AIM OF THE EXERCISE:
In the listing below, locate the line with "watercolor background N250" and the line with "Sebastian Hair Design", then output both and everything between them exactly, minus any pictures.

ENTRIES SUPPLIED:
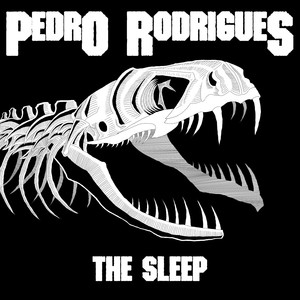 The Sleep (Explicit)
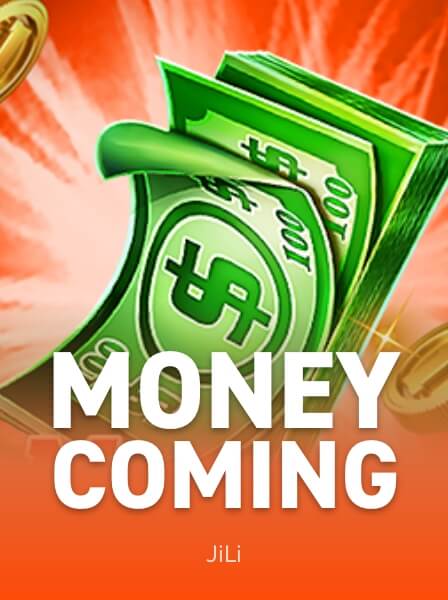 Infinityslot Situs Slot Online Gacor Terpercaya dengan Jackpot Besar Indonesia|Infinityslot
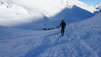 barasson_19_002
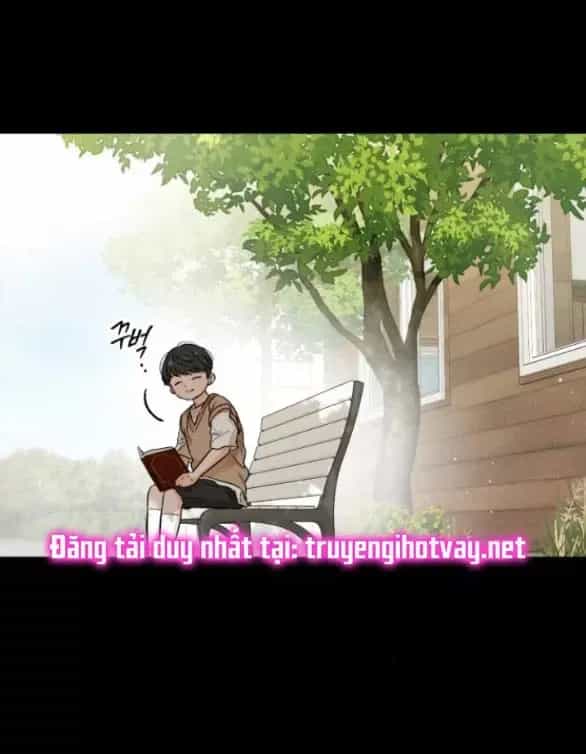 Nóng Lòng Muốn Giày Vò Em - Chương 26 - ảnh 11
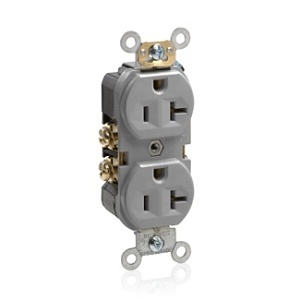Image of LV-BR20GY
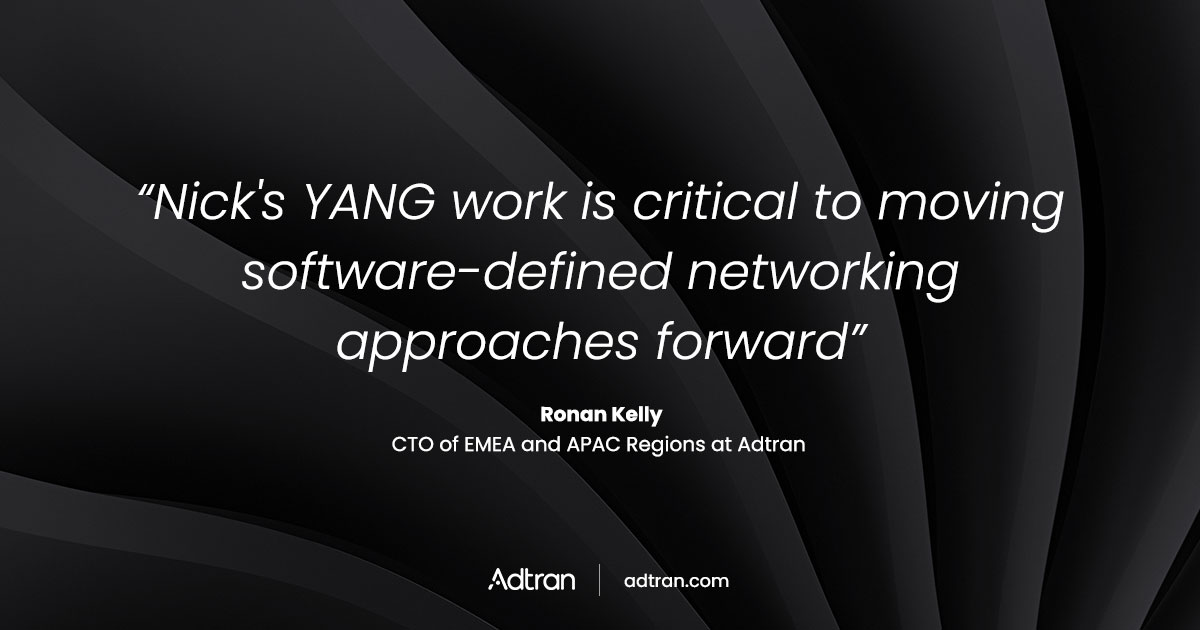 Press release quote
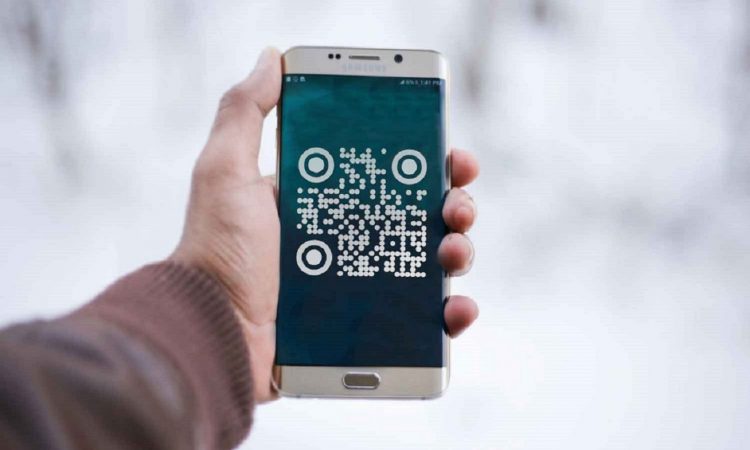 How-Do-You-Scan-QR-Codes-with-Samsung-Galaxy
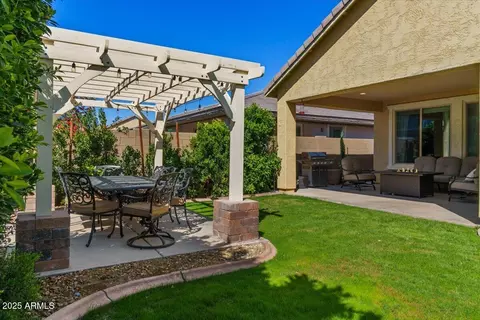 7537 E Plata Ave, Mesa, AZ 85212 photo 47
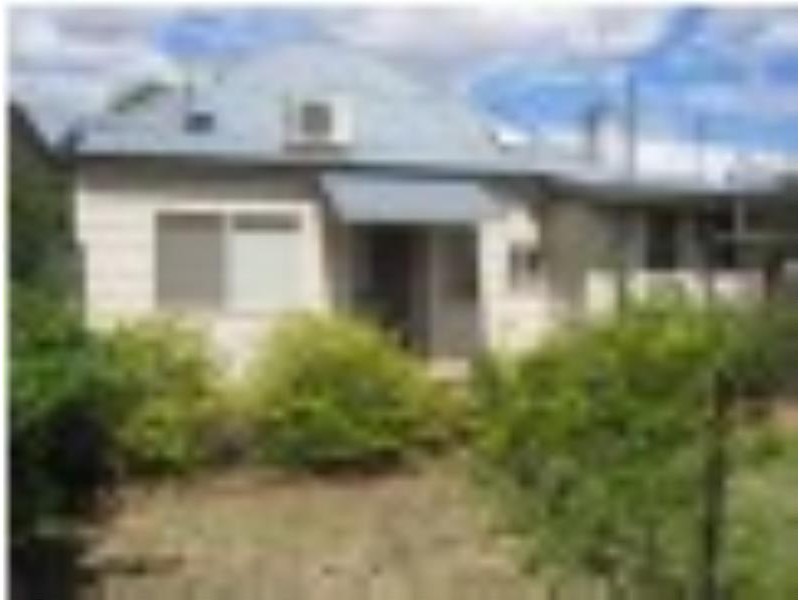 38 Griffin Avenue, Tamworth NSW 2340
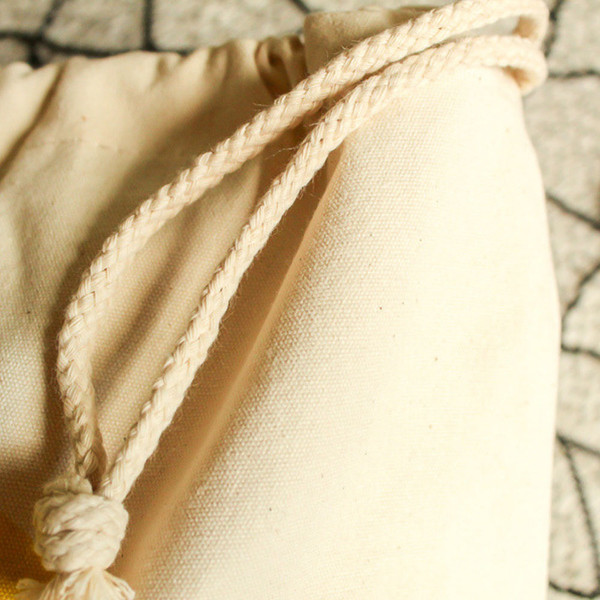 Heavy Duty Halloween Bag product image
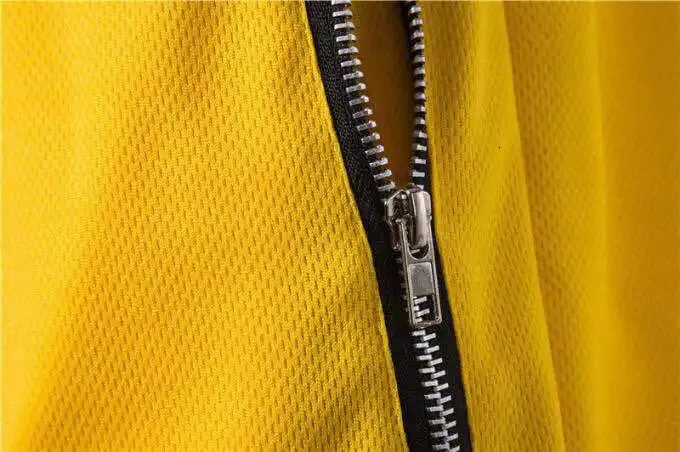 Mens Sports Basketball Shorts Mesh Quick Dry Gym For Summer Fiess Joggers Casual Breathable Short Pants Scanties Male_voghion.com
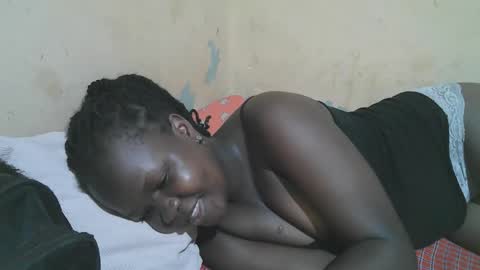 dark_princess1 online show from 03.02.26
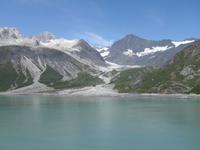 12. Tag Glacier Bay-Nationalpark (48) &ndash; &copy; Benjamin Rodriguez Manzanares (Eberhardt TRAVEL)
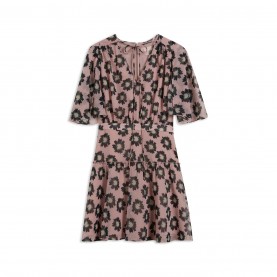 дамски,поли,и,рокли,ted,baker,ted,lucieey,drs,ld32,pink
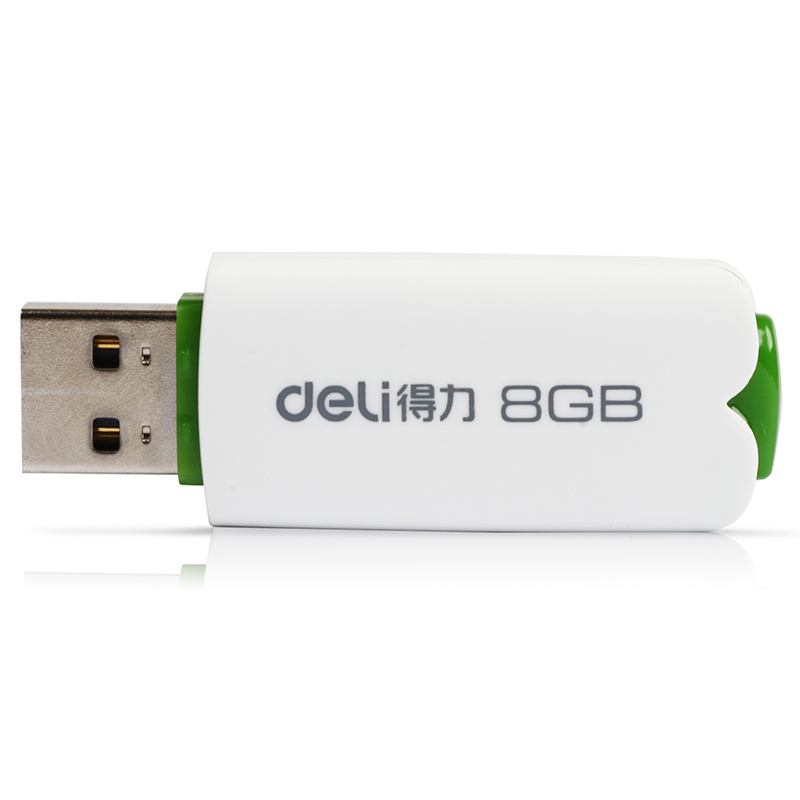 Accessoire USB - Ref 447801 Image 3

==

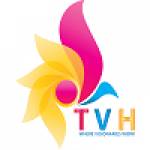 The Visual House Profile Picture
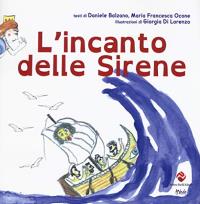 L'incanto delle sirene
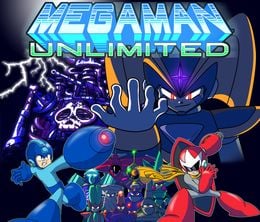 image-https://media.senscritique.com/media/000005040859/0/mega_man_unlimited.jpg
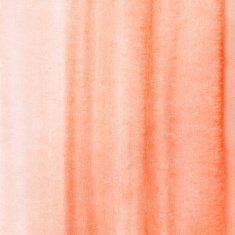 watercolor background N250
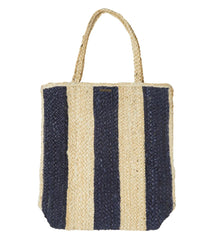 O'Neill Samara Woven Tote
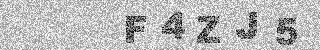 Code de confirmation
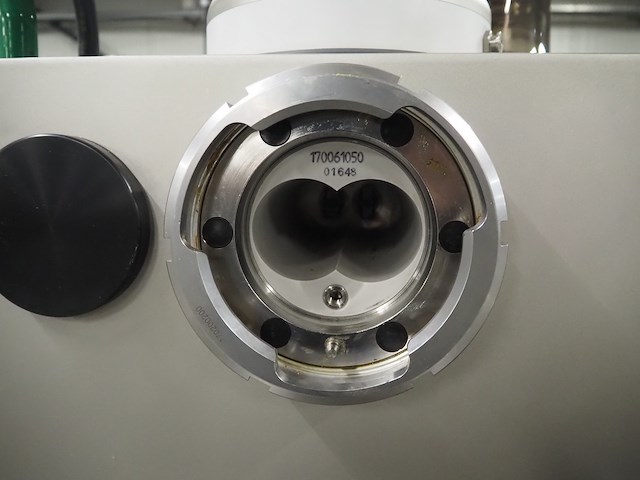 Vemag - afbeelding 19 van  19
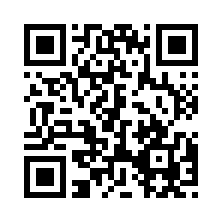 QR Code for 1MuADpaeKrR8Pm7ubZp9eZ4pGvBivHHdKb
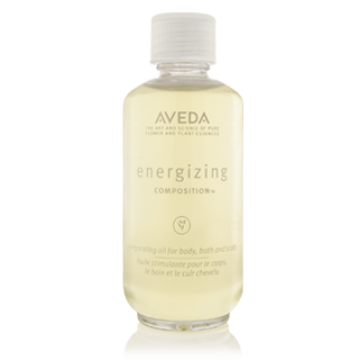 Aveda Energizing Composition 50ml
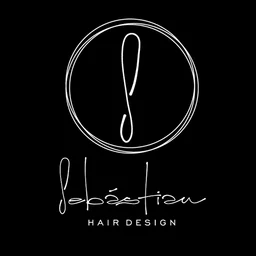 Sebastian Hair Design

OUTPUT OF THE TASK:
 watercolor background N250
 O'Neill Samara Woven Tote
 Code de confirmation
 Vemag - afbeelding 19 van  19
 QR Code for 1MuADpaeKrR8Pm7ubZp9eZ4pGvBivHHdKb
 Aveda Energizing Composition 50ml
 Sebastian Hair Design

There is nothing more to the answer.